Chairman Jürgen Schäfer, who heads the third criminal panel, told “Frankfurter Rundschau” in a recent interview that the new panel will be the BGH’s seventh criminal division.
In recent years the number of appeals has risen sharply: on average 3,100 verdicts were appealed per year before 2024, more than 3,700 cases were filed in 2024, and Schäfer expects around 3,900 appeals in 2025. The criminal panels must absorb a 26 % increase, while the civil panels have seen their case loads fall. The addition of a seventh panel is a response to this imbalance.

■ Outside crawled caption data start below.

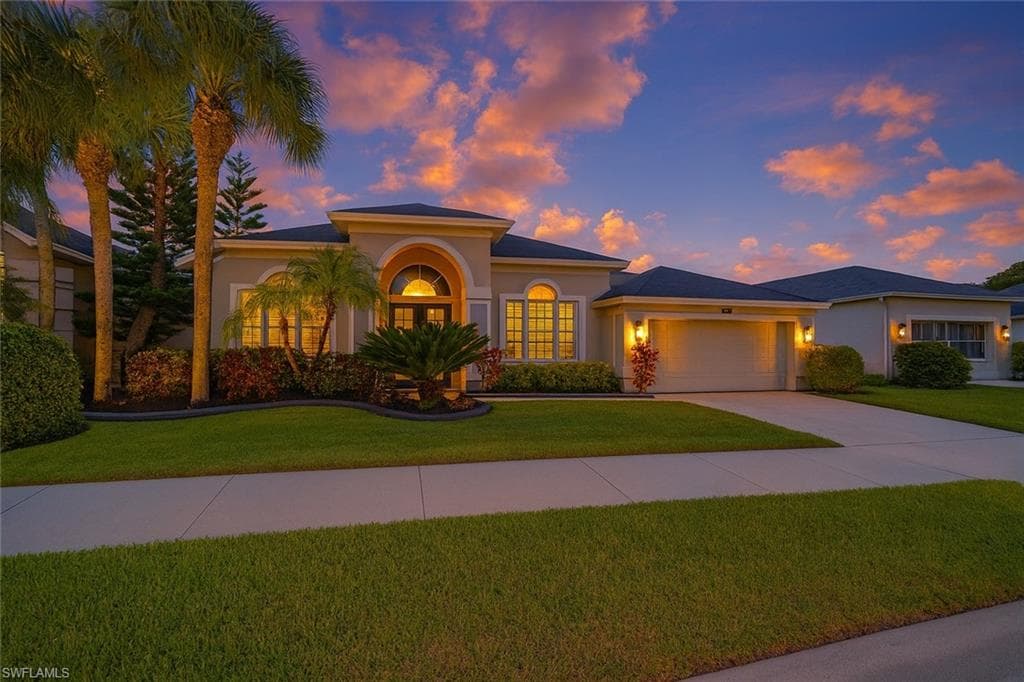 193 Skipping Stone Ln, Naples, FL 34119-2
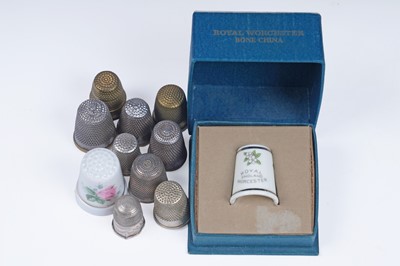 Lot 280 - A large collection of sewing related items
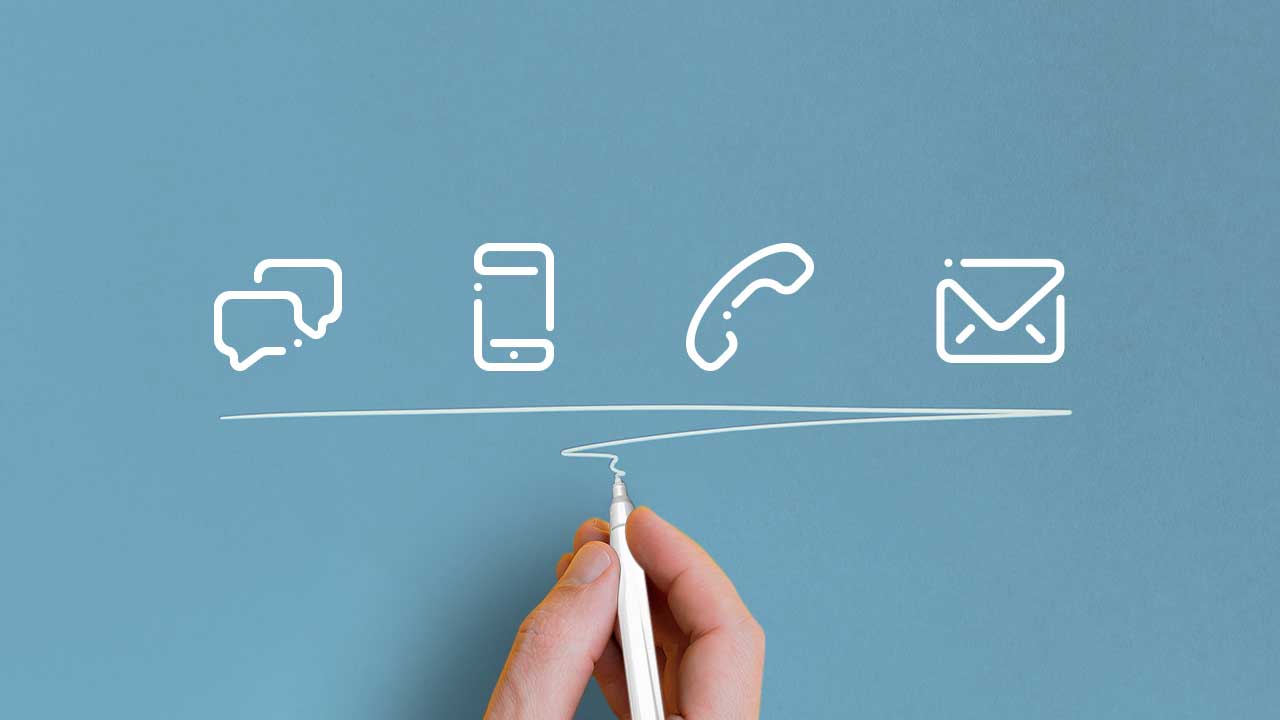 Hand zeichnet unterschiedliche Symbole für Kontakt aufnehmen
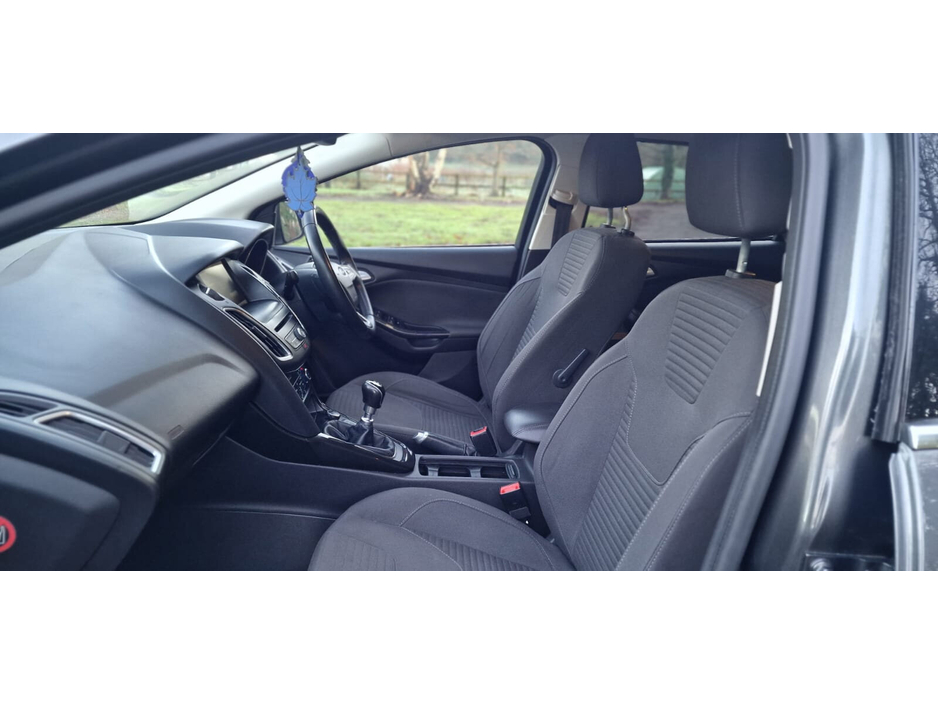 2016 Ford Focus - image 22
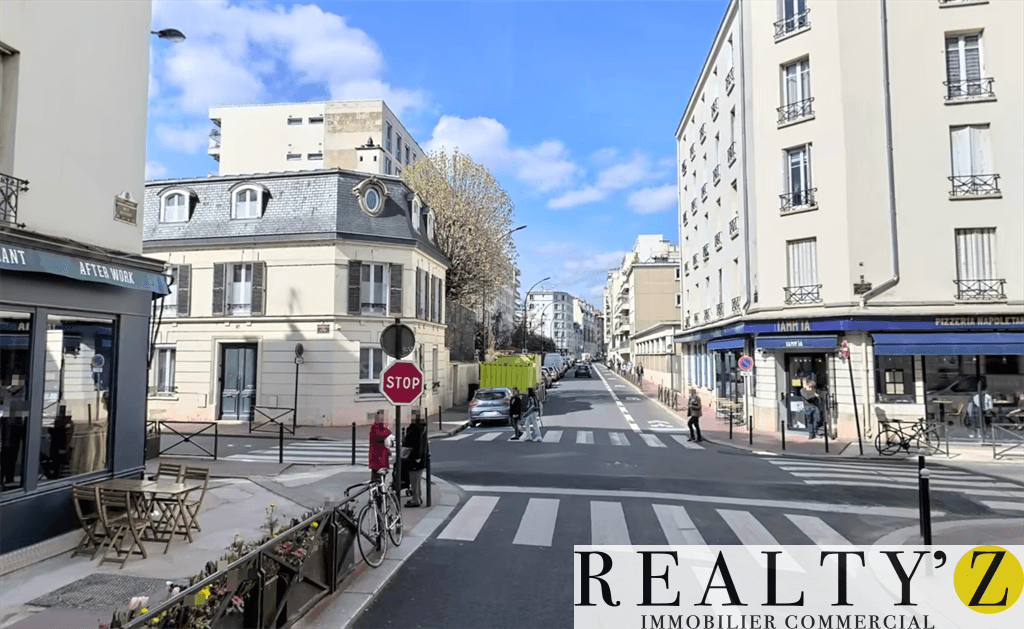 Local commercial · 205 m² · Location — photo 1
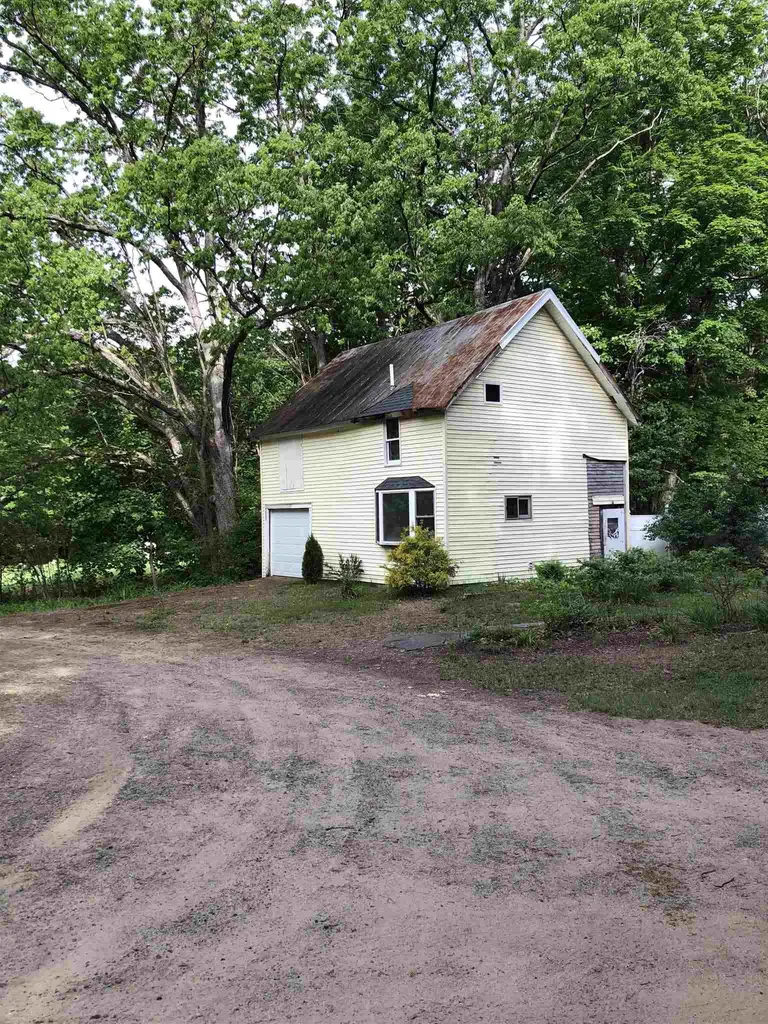 939 Old Bristol Road New Hampton NH 03256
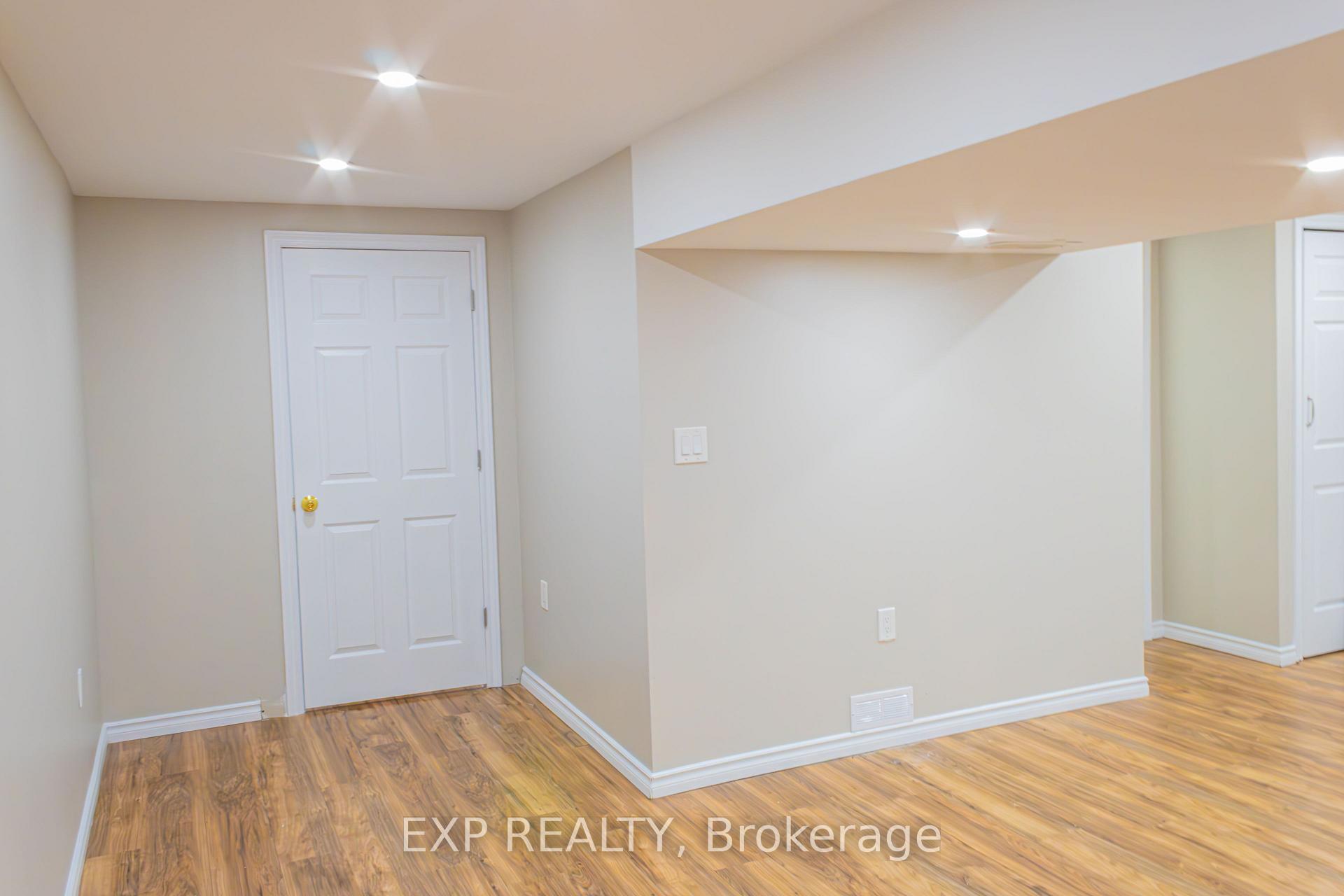 Photo 27 of 20 Curzon Crescent, Guelph, Willow West/Sugarbush/West Acres — HOMEH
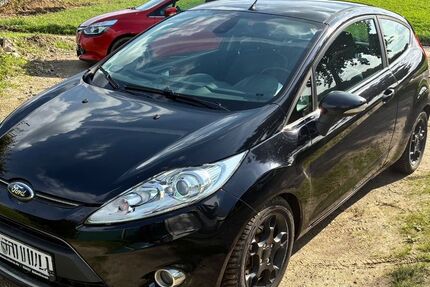 Ford Fiesta 273.000 km 2.222 &euro; Mönchengladbach 41179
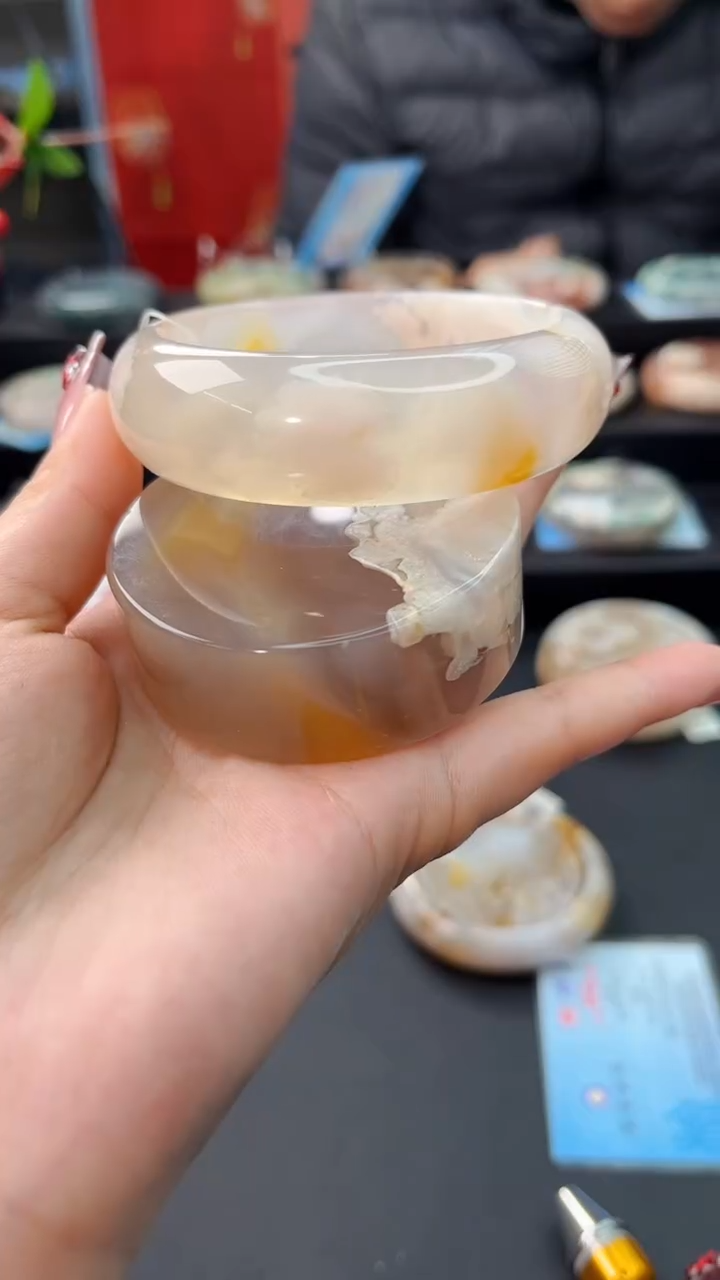 【闪购商品】石英质玉手镯未镶嵌赠送镯心（60圈口）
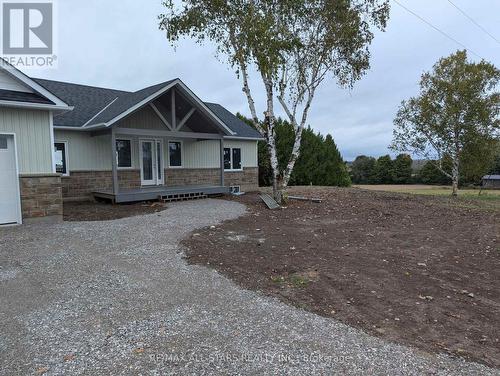 533 Country Lane, Kawartha Lakes, ON - Outdoor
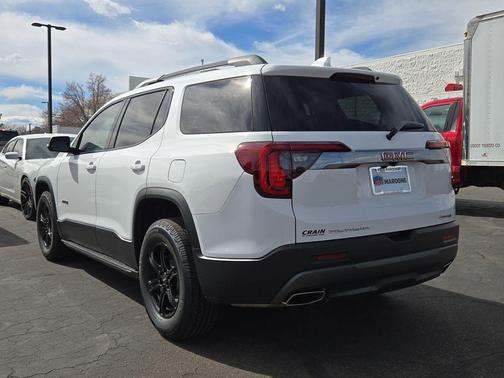 2023 GMC Acadia AT4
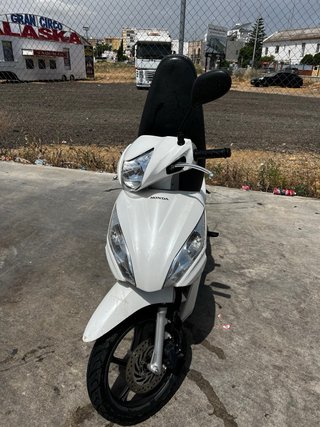 Honda Vision 49cc Blanca
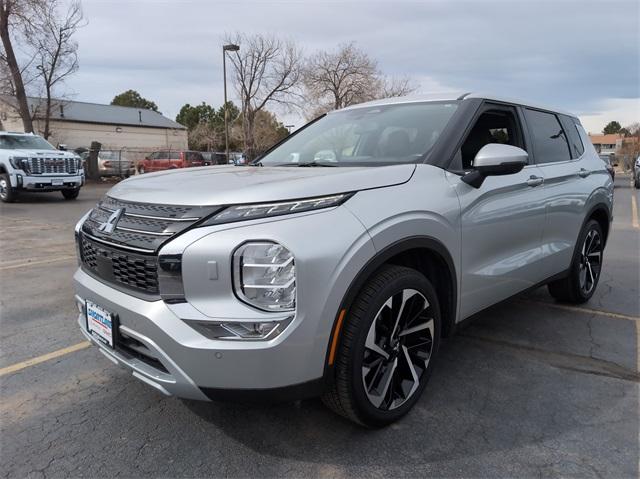 2024 Mitsubishi Outlander Vehicle Photo in AURORA, CO 80012-4011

The new panel will not be based in the BGH’s headquarters in Karlsruhe. Because of the “Rutschklausel” agreed at German reunification in 1990, both the Federal Constitutional Court and the BGH are required to keep their main seats in Karlsruhe, but each new criminal panel must be located in Leipzig. The fifth panel was the first to be established in the east, and the sixth panel was added in 2020; the seventh panel will begin its work in Leipzig this year.
Schäfer also noted that the new panel will include six judges aside from the chair. Those judges currently hold positions in the civil division and will be reallocated to the criminal side.